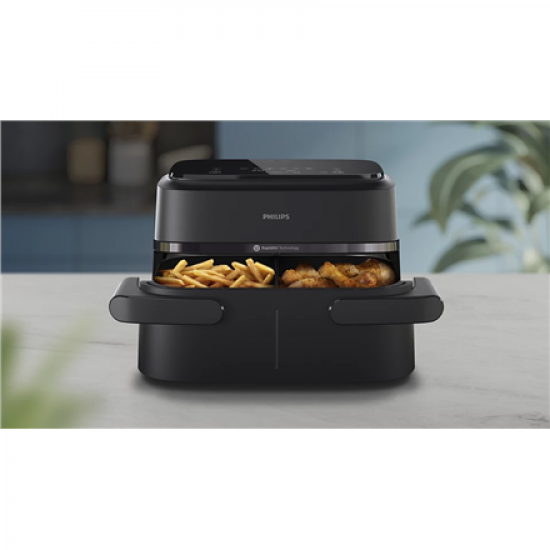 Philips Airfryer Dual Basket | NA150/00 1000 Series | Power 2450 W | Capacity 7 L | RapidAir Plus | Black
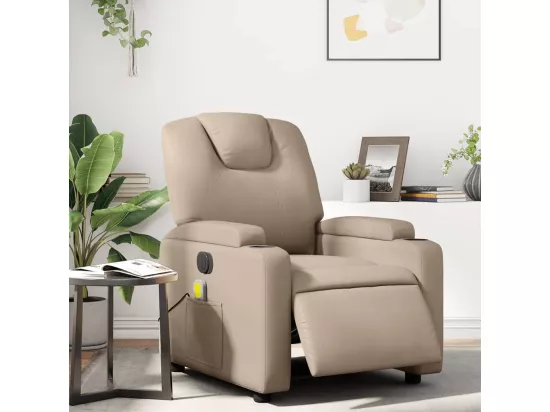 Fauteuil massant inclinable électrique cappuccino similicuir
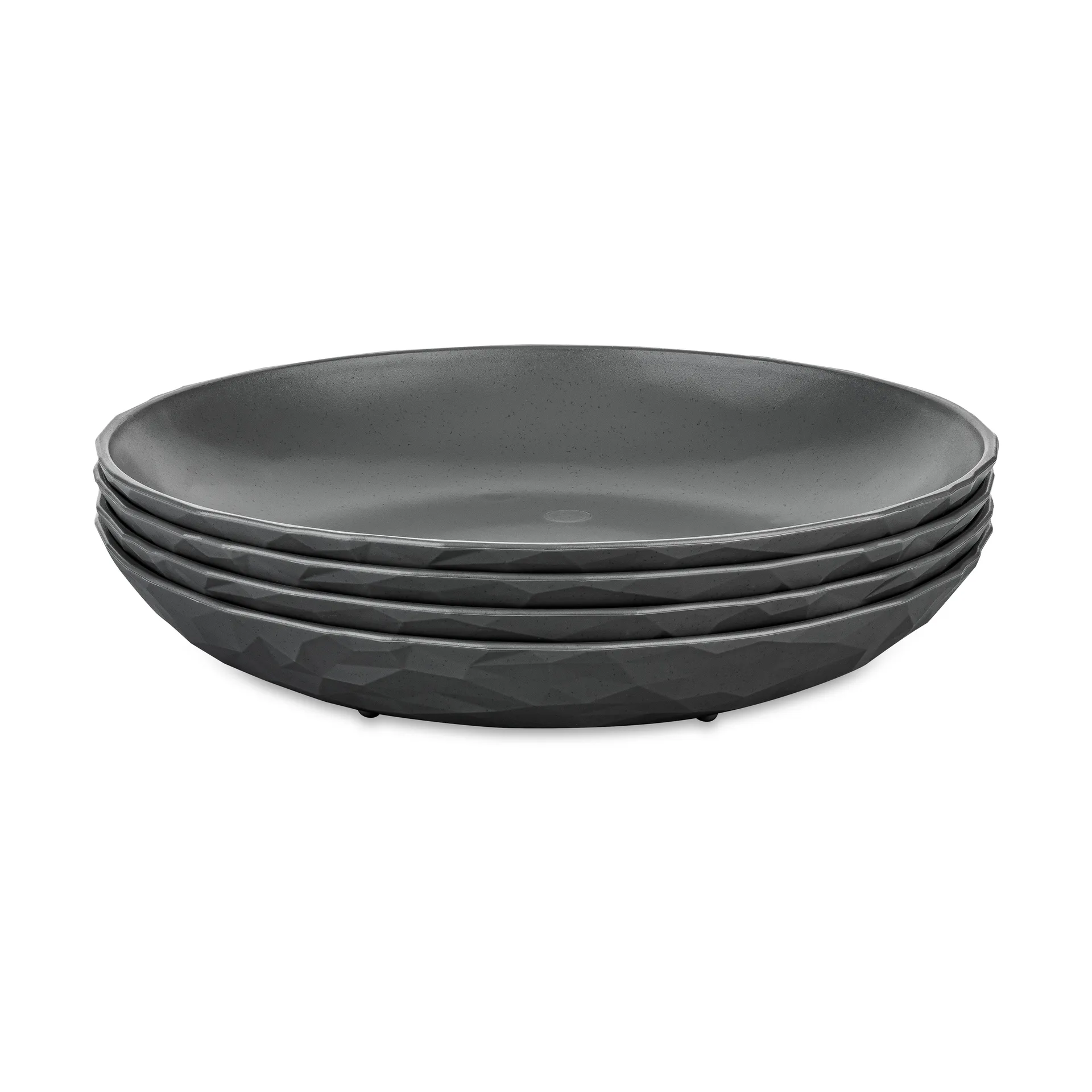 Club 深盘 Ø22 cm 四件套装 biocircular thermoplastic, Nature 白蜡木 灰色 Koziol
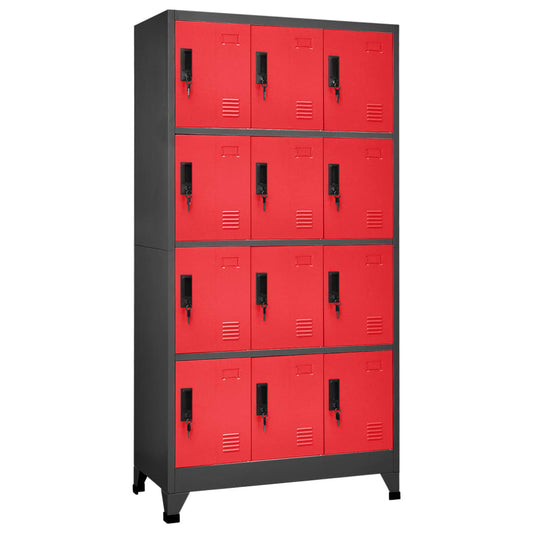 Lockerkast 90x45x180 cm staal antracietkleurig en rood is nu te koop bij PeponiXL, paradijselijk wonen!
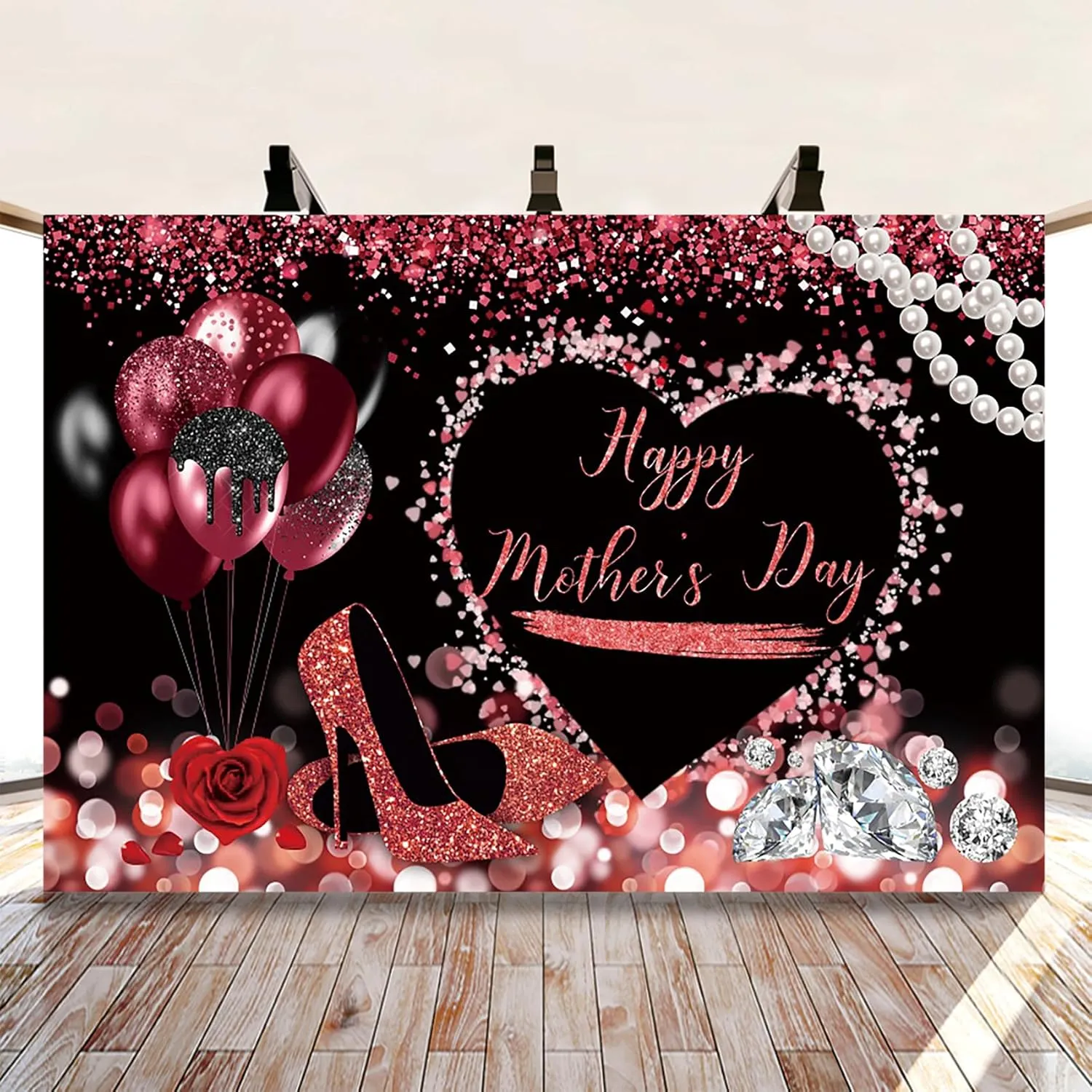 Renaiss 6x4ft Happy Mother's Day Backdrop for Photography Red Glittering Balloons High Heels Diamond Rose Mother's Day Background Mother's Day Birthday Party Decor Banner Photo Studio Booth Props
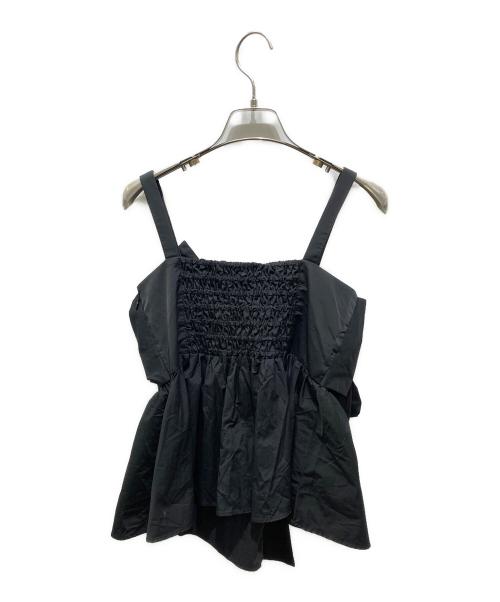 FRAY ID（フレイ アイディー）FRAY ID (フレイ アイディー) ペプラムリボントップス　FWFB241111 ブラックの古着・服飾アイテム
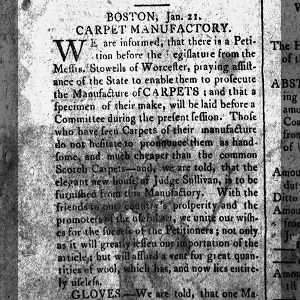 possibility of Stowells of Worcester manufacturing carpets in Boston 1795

Description of the task
Copy the listing above exactly, but only from the line with "Club 深盘 Ø22" through the line with "Lockerkast 90x45x180 cm", including those two lines and excluding any picture.

Exercise result
 Club 深盘 Ø22 cm 四件套装 biocircular thermoplastic, Nature 白蜡木 灰色 Koziol
 Lockerkast 90x45x180 cm staal antracietkleurig en rood is nu te koop bij PeponiXL, paradijselijk wonen!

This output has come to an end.